Chahuites is nowadays among the most important mango producers in Mexico. Its production is mainly exported to United States of America, Canada and Europe.

==History==

The history of Chahuites goes back to 1895, when the Román Ramírez and Gamboa families choose this region to establish their homes. They built with palm and wood on a high piece of land surrounded by vegetation. While living in this region, the first settlers were surprised by the discovery of dens of mouse-like animals known as tuza, because of this discovery the settlers decided to name the place "El Tuzal". Over time more settlers like the Zacarías brothers and Juvencio Fuentes arrived in the region.

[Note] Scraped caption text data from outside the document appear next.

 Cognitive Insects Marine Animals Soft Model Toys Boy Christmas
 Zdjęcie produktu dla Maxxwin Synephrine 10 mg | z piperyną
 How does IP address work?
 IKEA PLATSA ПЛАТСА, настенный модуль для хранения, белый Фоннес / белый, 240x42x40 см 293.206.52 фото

That was how life in the region developed until 1905 when General Porfirio Díaz, president of Mexico, developed the infrastructure of the region and its official district Tapanatepec. This project drastically changed life in El Tuzal since many people working on the new infrastructure decided to settle there too.
The region grew because the villagers obtained good crops in both the rainy season and in the dry season. That is why the name of the region was changed to Chahuites, which means wet ground. As the region continued its development, the settlers began the process required to become an independent municipality instead of being part of Tapanatepec. In 1948 the Chahuites finally became independent.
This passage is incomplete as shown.